Kim Simmonds (Savoy Brown) on Eric Clapton and Jerry Lee Lewis
Names like Eric Clapton, Jimmy Page, and Jeff Beck quickly come to mind when discussing the greatest British rock and blues guitarists. Few venture forth the name Kim Simmonds – a Welshman who, night after night, rips off guitar licks that Otis Rush and B.B. King would be proud to call their own.
Simmonds and his band of greater renown, Savoy Brown, are on their 50th anniversary tour. It’s certainly not a nostalgia show. The spry 67-year-old Simmonds injects passion and meaning into every note and every boogie. When he kneels down on stage and starts bending notes to the classic Savoy Brown song, “Hellbound Train,” it’s a slice of rock and blues heaven.
“I still love playing the guitar, searching for a sound that I can feel,” Simmonds writes on his website. “I’m the kind of player where that feel constantly changes, and it leads me to a lifelong search for sounds that reflect my current state of mind and heart.”
It’s been a long recording career for Simmonds and Savoy Brown, which has had numerous personnel changes through the decades. For the uninitiated — or those searching for the sound quality — the best way to start exploring the music of Savoy Brown is to purchase the group’s remastered albums by the United Kingdom-based BGO Records. The label not only has improved the sound of early Savoy Brown albums but also puts two albums on each CD. Most highly recommended are Blue Matter/A Step Further and RawSienna/Looking In.
After 1970’s Looking In, Dave Peverett, Roger Earl, and Tony Stevens left the group to form Foghat, but Simmonds found other top musicians and more great albums followed. Don’t miss BGO’s Street Corner Talking/Hellbound Train.
Besides Savoy Brown albums spanning six decades, Simmonds has released several solo albums, including last year’s Goin’ to the Delta. The album, actually co-billed as Kim Simmonds and Savoy Brown, is full of electric stomping blues rock that recalls the sounds of Chicago’s old blues masters.
On record and on stage, Simmons is an exciting performer who knows how to rock, loves to boogie and truly feels the blues. He has also seen innumerable exciting performances of other artists during his long career, and some have made an indelible impression.
He cites concerts by Jerry Lee Lewis, Albert Collins, and The Who as the best he has seen. But — when asked to pinpoint one — he points to Jerry Lee on May 9, 1963. It was at The Fairfield Halls, a venue in Croydon, a town in south London, that had opened a year earlier and hosted The Beatles just 14 days before the Jerry Lee show.
It was the best concert, he says, because of “the sheer excitement and energy generated on stage” — Jerry Lee’s “personal magnetism and ability to communicate mayhem.”
Simmonds says the concert that influenced him most as a musician was by John Mayall’s Blues Breakers with Eric Clapton in 1966, at The Flamingo Club in London’s SoHo area.
“Eric’s playing had all the elements of the blues music I loved,” Simmonds recalls. “At that time period, he was the best musician I had ever seen play live.
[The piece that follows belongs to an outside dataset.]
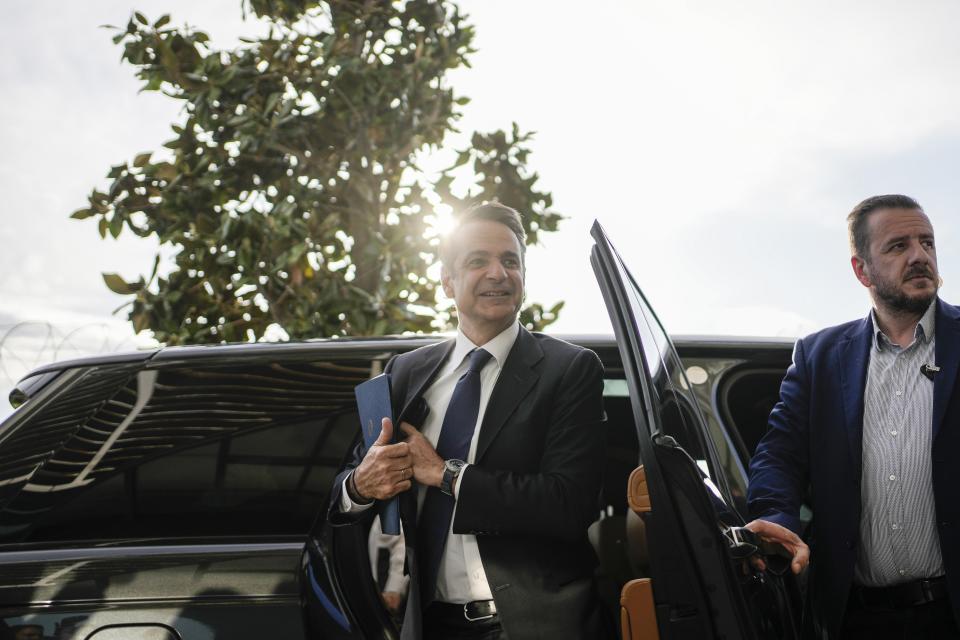 Greece's Prime Minister and New Democracy leader Kyriakos Mitsotakis arrives for an interview at Alpha television station during his election campaign in Athens, Greece, Tuesday, April 25, 2023. (AP Photo/Thanassis Stavrakis)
He had the timing, the technique, the feeling and the sound. He showed me the way forward for my own career as a blues guitarist. I had the American records to listen to, and now I had a musician, as good as the records, that I could see live.”
Listening today to Simmonds play guitar live or on record, it would seem he has little more to learn. But he says his most recent release, Still Live After 50 Years, Volume 1, which is co-billed Kim Simmonds and Savoy Brown, “shows how I am still growing as a musician.”
Today’s Savoy Brown is a three-piece outfit with Pat DeSalvo on bass and Garnet Grimm on drums. In its 1960s heyday, Savoy Brown was a six-piece band.
So, 50 years down the pike, what legacy has Savoy Brown left on the pop music industry?
“That’s a big question!“ Simmonds exclaims. “The legacy? Other musicians have told me that the band was ahead of its time, and I, therefore, think a part of the legacy is the influence on other bands and musicians.
“It is also one of the few blues bands ever to penetrate the pop music charts. But most of all, it was one of the most important bands that started the 1967 British blues explosion.”